PoC Deployment recommendations?

carter · August 23, 2019, 1:36am

I am working on a PoC for a client where performance is important, but availability not so much (at this time). We are trying to stay within the free license limit (old 128G RAM limit) for the PoC. The app is read intensive, the majority of data is in a handful of columnstore tables (each 50G to 100G in size), and the queries are fairly complex (some taking 30 - 45 seconds). We have tested with a single node cluster (1 MA with 16G RAM and 1 leaf with 108G RAM/32 cores) and get fairly good performance, but I’m wondering if we could get better performance (with the same amount of RAM and CPU/cores) by spreading across multiple virtual machines? I assume that performance will improve some b/c each virtual machine has its own SSD, so better we should see much better disk IO rates collectively… I’m just wondering how much better, and will it be worth the extra effort to manage 3 or 4 virtual machines instead of just one.
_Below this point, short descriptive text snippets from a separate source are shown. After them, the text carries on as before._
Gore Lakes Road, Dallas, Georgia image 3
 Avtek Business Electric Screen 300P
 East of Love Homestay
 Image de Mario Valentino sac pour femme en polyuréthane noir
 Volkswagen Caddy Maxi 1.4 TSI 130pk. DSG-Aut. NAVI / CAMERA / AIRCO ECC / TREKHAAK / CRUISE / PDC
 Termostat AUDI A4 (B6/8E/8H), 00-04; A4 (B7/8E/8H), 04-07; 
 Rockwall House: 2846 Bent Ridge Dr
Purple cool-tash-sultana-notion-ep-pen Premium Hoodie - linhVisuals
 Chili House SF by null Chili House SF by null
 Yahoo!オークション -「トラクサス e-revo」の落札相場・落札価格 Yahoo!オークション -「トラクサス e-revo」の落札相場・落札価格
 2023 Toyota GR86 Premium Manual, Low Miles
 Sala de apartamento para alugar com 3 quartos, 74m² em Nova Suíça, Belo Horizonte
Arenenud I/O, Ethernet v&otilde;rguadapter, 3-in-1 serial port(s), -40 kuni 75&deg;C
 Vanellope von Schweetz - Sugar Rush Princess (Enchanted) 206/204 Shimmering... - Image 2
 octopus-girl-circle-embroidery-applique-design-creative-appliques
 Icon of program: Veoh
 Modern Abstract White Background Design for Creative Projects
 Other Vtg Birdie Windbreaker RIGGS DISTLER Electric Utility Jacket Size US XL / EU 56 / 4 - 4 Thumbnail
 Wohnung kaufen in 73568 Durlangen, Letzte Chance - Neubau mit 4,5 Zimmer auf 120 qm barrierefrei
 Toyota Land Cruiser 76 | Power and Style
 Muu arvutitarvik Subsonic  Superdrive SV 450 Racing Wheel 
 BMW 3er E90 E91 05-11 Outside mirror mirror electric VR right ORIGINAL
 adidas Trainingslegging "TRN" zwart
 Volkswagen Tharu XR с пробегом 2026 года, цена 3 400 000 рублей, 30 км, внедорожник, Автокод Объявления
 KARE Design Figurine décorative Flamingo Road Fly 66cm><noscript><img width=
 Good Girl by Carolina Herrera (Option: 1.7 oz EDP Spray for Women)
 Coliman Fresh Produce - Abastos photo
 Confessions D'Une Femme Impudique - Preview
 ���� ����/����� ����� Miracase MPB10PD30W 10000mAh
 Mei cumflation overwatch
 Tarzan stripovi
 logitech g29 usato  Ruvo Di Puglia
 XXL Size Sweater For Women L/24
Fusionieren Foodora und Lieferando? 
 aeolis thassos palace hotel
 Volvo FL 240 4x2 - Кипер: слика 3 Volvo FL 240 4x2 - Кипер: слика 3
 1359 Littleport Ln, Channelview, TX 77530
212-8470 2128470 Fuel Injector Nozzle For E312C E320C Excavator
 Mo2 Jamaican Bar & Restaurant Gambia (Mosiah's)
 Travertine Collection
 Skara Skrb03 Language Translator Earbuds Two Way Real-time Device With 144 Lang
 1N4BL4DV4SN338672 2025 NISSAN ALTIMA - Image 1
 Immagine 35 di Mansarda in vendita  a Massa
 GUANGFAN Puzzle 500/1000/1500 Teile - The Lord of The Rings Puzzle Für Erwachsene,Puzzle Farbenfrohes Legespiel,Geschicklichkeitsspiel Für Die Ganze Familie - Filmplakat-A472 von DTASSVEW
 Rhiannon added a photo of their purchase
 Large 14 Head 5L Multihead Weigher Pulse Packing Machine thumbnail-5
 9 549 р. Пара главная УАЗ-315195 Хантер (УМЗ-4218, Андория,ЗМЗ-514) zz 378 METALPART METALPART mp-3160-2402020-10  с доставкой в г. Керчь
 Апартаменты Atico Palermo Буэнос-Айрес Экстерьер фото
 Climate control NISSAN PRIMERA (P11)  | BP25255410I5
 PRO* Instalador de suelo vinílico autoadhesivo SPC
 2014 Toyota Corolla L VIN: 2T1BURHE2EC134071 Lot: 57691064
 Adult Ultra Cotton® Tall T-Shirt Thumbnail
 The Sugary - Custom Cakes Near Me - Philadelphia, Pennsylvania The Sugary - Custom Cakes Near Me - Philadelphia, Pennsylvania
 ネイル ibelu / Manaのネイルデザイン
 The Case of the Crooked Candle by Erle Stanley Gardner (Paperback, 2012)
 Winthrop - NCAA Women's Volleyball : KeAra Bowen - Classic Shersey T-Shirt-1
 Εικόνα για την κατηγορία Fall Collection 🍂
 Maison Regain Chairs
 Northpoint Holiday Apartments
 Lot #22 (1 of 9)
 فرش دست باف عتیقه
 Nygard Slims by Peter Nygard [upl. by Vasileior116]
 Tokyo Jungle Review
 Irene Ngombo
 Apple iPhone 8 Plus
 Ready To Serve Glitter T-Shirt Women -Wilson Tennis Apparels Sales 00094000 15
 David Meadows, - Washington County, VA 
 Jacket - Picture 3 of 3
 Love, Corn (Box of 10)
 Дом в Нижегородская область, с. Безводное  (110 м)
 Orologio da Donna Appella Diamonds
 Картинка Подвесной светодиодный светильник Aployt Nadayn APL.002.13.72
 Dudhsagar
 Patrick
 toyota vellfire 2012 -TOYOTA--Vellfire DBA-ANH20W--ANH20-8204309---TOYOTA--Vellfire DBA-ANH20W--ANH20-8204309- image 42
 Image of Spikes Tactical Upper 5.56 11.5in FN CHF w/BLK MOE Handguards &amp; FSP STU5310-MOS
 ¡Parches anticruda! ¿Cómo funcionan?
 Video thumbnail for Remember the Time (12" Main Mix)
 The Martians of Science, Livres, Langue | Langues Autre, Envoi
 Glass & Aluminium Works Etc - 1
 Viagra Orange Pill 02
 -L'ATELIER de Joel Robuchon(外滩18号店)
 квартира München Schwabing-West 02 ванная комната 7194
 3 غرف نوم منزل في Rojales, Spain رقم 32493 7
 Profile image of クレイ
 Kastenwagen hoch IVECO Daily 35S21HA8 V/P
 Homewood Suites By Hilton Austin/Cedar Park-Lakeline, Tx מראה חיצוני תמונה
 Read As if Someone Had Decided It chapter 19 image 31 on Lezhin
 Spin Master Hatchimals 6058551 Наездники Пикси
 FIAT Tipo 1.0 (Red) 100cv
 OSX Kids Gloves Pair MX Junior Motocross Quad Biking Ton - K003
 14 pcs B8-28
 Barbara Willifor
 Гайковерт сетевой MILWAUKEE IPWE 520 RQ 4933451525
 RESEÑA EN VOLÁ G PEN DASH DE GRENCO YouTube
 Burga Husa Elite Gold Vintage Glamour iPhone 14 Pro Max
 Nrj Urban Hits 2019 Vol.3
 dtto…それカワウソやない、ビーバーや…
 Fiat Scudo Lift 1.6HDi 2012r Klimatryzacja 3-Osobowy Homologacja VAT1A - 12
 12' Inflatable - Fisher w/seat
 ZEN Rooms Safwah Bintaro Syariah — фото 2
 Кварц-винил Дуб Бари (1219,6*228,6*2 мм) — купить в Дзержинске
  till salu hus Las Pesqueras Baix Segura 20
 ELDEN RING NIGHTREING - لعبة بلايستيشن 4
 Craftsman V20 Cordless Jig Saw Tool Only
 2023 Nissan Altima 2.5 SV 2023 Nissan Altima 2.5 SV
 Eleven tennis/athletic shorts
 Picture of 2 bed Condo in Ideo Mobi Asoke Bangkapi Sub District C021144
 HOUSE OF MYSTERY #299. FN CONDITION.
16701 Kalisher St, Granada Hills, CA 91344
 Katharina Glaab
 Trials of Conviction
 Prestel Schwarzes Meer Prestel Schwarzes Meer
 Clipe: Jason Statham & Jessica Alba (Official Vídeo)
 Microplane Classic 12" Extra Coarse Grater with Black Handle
rnarayanan · August 24, 2019, 5:13am

Hi Carter,
Personally I have not tested in an on-prem hosted VM environment. But MemSQL runs in AWS and I guess you could theoretically think of it as a VM environment.
Since the data is all in ColumnStore tables, spreading it across more leaves might be beneficial taking advantage of partitioning features of MemSQL etc. The RAM of 108 GB can then be given to the 4 virtual machines which are the leaves and it will be used for query processing. You have to ensure that the OS configuration for the VM ensures that there is no over-provisioning for memory and also there are enough CPU cores dedicated per VM.
Do let us know your experience with the performance change.
Good luck,
Ramesh

deloy · August 26, 2019, 12:04pm

To help maximize the performance of your columnstore database in the free tier you might want to align the number of cores available in free tier (32 cores) across 4 leaf nodes (4 leaf nodes with 8 cores in each node) and then create the database with 32 partitions. This will create 32 parallel workers executing your queries.